The model is forced by daily average momentum, heat, and fresh water fluxes taken from the ECMWF atmospheric analysis system. In order to avoid unrealistic drifts, additional weak restoring terms (timescale of 1 yr) are applied to the three-dimensional T and S fields by using annual climatological values from Levitus and Boyer (1994) and Levitus et al. (1994, hereafter referred to as Levitus). An additional weak relaxation (timescale of 1 yr) is applied to the Levitus surface S implying a damping time of 6 months for the surface salinity. A strong relaxation (timescale of 3 days) is applied to the surface temperature using weekly analyses (Reynolds and Smith 1995) provided by the National Centers for Environmental Prediction (NCEP).

b. Data assimilation system

The data assimilation method used in this study is an optimal interpolation (OI) derived from Smith et al. (1991). The observations are subsurface temperature measurements, obtained mainly from the U.S. National Oceanographic Data Center through the Global Temperature Salinity Pilot Project (GTSPP) data distribution network. The main components of the observing system are the XBTs and TAO moorings in the equatorial Pacific. TAO-type moorings in the tropical Atlantic from the developing Pirata array and Profiling Autonomous Lagrangian Circulation Explorer (PALACE) float data distributed through the Global Telecommunication System (GTS) are also used, even though these data types are much more recent and only have an impact towards the end of the experiments.

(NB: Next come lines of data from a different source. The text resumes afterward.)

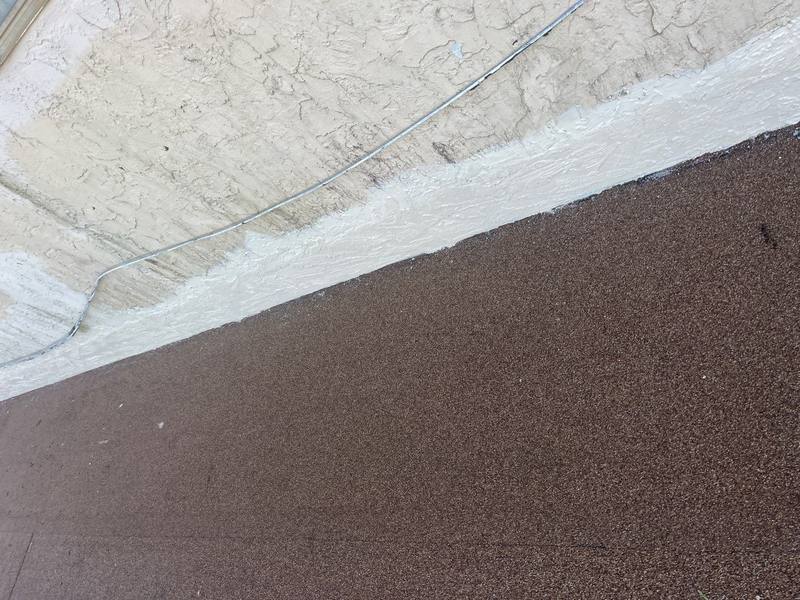 completed roofing project in Tampa FL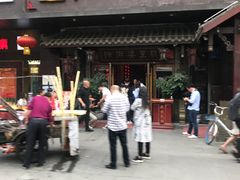 门面-陈麻婆豆腐总店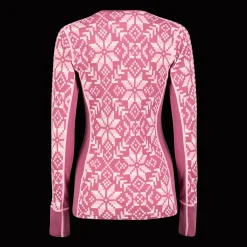 Else Long Sleeve, ulltrøye, dame - Ullundertøy overdel dame - Else Long Sleeve, ulltrøye, dame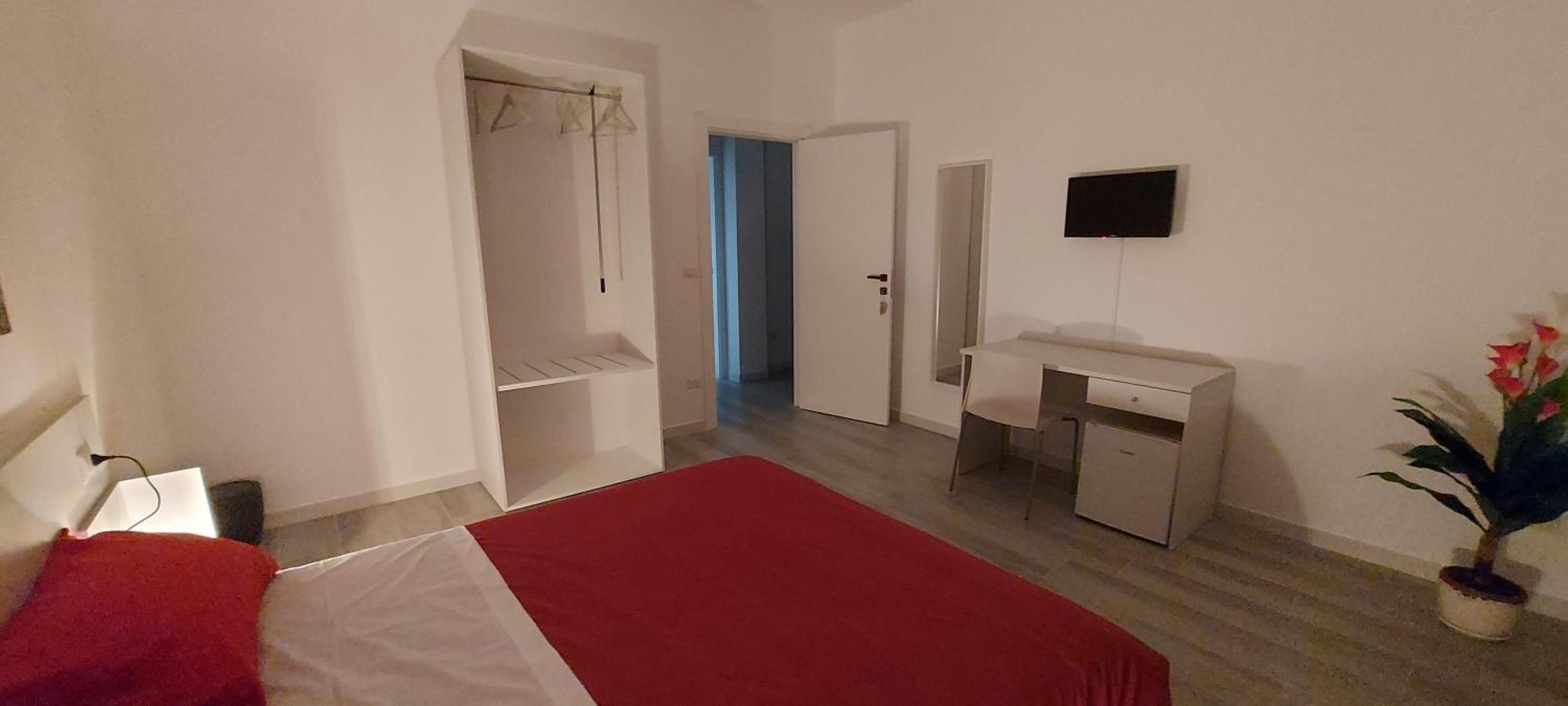 Ferienwohnung Le Gemelle Bari Zimmer foto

The OI method is used to map these subsurface temperature observations onto the model background. The observed T profiles are first interpolated onto the model levels, which are treated independently from each other in the OI. The OI of the temperature field (with the model T used as a background) is performed every 10 days, using observations grouped in 10-day bins. Following Smith et al. (1991), the background is given the same weight as an individual observation. The background errors are expressed as anisotropic and inhomogeneous Gaussian functions whose correlation length scales near the equator are 1500 km zonally and 200 km meridionally. In all the experiments described in this paper the assimilation is done over the levels from 2 to 12 (i.e., between 30- and 425-m depth). For further detail on the OI implementation in the HOPE model see Alves et al. (1999).

In order to obtain the updated vertical salinity profiles (i.e., the salinity analyses), the temperature profiles obtained by the OI are processed through the TH99 scheme. This procedure is performed on each model grid point. This scheme is in two parts. First, a vertical displacement of the model background profile to match the bottom of the analysed T profile is made. The displacement corresponds to the difference between the depth of the deepest analysed temperature and the depth of the same temperature in the model profile (an example is shown in Fig. 1). The salinity profile is also shifted by the same amount. This first part of the scheme assumes that isopycnal surfaces are often displaced even below the depth to which observations usually extend, for example, by internal waves. The matching should also help to prevent convective adjustments at the bottom of the observed profile. However, if the temperature at the bottom of the analysed profile is outside the T range of the model background, no displacement is performed. Typically, this may happen in coastal regions and at high latitudes. Second, the scheme computes an S analysis within the depth range of the T profile, using the TS relationships from the model T and S background profiles, at each grid point. For example, at a T observation of 20°C, the analysed S will be the same as the S present at the depth of 20°C water in the model profile. For profiles with T inversions, the nearest (in z) T match is used.

No information other than the temperature analysis (OI in the present case) and the model T and S profiles is needed for the TH99 scheme to work (see Fig. 2). It is known, however, that TS preservation is not a good hypothesis when nonisentropic processes are dominating (e.g., in the mixed layer or in the vicinity of river inflow) for which T and S variations may be highly uncorrelated. Therefore, if the OI temperature is outside the range of the model T profile (as typically happens near the surface), then the model salinity is not modified. Also, in order to avoid extrapolating TS relationships of near-surface water to deeper layers, the model TS relationship from the upper 50 m of the water column is used only if the corresponding OI temperature is also near the surface. Otherwise, no change is made to the model salinity.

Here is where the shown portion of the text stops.